Pat Conroy Offering Free Film Rights, New Haruki Murakami Story, and More

by
Evan Smith Rakoff
10.24.13

Every day Poets & Writers Magazine scans the headlines—from publishing reports to academic announcements to literary dispatches—for all the news that creative writers need to know. Here are today’s stories:

A new story by bestselling Japanese author Haruki Murakami is available free online at the New Yorker. (GalleyCat)

Hector Tobar reports that the Texas Book Festival, which is ongoing, has received bad press over a lack of diversity in this year’s roster of more than two hundred authors. Festival literary director Steph Opitz answered criticism in a letter to the Texas Observer, stating, “I, too, am disappointed that there is not more diversity in this year’s line-up.” (Los Angeles Times)

Fast Company explains the importance of your workspace, and what changes can improve performance.

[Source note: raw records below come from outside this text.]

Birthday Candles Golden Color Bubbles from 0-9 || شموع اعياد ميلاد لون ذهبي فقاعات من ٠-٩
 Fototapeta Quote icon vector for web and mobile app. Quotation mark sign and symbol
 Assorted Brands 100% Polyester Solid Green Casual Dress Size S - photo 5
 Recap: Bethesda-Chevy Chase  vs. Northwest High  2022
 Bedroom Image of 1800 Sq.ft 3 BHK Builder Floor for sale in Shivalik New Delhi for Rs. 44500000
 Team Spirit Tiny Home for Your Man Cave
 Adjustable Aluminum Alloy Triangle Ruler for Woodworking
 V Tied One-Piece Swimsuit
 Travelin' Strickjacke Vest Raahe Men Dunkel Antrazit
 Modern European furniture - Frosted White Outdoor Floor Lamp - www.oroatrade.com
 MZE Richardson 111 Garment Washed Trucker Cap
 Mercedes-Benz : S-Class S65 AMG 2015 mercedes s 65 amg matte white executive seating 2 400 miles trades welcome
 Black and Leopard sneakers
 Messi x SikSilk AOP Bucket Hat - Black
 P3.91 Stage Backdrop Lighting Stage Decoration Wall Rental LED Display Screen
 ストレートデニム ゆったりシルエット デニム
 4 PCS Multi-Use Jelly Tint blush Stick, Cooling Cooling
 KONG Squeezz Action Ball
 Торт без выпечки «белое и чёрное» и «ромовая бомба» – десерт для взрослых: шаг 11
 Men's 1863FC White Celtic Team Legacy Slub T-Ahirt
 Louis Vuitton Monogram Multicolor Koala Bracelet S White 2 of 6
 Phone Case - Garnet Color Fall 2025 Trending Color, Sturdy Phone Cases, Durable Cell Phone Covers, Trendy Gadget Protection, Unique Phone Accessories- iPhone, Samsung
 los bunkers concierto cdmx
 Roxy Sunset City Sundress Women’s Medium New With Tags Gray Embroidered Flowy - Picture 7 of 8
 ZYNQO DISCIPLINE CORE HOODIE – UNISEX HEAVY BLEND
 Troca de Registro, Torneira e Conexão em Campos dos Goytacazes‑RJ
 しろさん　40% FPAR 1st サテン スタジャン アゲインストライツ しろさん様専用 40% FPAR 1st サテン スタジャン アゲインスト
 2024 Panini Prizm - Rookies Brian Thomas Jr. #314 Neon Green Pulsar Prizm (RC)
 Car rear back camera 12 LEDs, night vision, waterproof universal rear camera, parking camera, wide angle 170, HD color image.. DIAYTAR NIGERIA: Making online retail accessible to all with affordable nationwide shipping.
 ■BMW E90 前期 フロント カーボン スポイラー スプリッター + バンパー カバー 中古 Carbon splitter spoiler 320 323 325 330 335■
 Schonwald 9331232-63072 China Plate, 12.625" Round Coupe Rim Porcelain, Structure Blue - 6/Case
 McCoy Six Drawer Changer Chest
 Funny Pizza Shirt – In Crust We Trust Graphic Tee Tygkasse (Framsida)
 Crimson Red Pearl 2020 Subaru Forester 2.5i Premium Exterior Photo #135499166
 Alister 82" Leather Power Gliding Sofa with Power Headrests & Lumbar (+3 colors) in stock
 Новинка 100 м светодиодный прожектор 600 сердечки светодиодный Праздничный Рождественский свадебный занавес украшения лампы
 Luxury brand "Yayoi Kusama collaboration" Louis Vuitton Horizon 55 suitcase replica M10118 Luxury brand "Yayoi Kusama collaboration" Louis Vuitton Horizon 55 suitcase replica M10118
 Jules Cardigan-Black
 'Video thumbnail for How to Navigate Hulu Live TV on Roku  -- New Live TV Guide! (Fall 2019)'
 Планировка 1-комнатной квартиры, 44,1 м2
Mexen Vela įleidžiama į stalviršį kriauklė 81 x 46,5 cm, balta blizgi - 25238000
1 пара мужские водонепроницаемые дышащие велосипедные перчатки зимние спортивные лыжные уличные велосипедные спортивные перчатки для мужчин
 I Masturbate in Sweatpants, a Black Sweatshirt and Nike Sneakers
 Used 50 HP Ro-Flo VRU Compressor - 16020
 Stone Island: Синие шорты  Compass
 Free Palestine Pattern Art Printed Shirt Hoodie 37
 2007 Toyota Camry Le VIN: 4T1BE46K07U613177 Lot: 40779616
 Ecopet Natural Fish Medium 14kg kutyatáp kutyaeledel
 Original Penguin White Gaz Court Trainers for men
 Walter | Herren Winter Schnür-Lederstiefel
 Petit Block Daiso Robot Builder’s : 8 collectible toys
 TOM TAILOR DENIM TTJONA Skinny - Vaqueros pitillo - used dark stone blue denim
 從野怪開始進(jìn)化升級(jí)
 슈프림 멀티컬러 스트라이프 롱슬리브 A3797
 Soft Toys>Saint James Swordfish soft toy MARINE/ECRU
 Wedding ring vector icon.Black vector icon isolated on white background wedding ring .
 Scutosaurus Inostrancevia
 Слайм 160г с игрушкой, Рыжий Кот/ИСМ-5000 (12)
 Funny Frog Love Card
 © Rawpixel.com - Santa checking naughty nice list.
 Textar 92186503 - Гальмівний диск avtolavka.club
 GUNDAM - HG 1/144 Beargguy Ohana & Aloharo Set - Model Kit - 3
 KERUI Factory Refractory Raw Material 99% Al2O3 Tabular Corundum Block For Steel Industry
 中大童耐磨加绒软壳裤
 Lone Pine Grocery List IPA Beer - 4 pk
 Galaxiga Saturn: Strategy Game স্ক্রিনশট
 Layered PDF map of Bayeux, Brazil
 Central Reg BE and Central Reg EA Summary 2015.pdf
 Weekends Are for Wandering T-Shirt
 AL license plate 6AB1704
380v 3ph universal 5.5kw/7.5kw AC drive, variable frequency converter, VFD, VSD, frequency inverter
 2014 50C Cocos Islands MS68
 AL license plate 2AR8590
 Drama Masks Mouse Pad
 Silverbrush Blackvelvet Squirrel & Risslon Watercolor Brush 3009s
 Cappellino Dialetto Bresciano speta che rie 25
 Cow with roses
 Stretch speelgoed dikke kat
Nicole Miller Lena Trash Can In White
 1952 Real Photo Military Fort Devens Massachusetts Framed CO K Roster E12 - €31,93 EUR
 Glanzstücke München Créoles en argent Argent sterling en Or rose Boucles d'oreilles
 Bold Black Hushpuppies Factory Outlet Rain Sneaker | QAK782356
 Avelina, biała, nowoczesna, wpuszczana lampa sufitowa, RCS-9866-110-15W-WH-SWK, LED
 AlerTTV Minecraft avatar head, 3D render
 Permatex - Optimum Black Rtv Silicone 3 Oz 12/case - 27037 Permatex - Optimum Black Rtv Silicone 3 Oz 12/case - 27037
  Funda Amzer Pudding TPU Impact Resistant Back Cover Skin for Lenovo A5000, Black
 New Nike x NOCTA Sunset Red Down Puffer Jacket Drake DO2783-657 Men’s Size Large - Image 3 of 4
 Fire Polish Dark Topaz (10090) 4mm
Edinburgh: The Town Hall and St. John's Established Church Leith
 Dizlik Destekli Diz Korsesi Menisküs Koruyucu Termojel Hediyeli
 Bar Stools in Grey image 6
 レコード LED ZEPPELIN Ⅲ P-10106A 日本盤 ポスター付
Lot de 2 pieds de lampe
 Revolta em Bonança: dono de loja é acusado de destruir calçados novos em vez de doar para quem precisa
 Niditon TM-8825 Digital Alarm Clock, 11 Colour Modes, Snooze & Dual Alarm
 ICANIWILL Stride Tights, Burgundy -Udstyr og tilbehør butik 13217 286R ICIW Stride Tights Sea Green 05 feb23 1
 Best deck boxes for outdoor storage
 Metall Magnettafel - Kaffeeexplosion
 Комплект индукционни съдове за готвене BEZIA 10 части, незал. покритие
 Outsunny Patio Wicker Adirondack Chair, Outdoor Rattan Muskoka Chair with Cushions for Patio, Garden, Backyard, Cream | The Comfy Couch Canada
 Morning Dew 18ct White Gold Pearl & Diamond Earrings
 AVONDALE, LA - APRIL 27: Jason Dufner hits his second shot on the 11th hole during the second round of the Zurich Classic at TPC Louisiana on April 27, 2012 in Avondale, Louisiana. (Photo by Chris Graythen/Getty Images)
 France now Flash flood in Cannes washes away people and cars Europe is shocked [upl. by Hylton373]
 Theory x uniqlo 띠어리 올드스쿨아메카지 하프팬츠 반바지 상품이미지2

Author Pat Conroy is offering to give away film rights to his follow-up to The Great Santini, which starred Robert Duvall in the 1979 adaptation. If a film is made of his new book The Death of Santini, Conroy hopes the offer will persuade Duvall and his co-stars to reprise their roles. (USA Today)

The Guardian considers science fiction hero Ray Bradbury’s unknown legacy of realist stories.

“To think about a place has always been a way into a story.” Novelist Donna Tartt speaks with Laura Miller at Salon.

Meanwhile, the San Francisco Chronicle looks at how certain famed authors—including Donna Tartt, Tom Wolfe, and Mark Twain—wear a trademark mode of dress.

The current issue of Poetry includes four letters by Robert Creeley.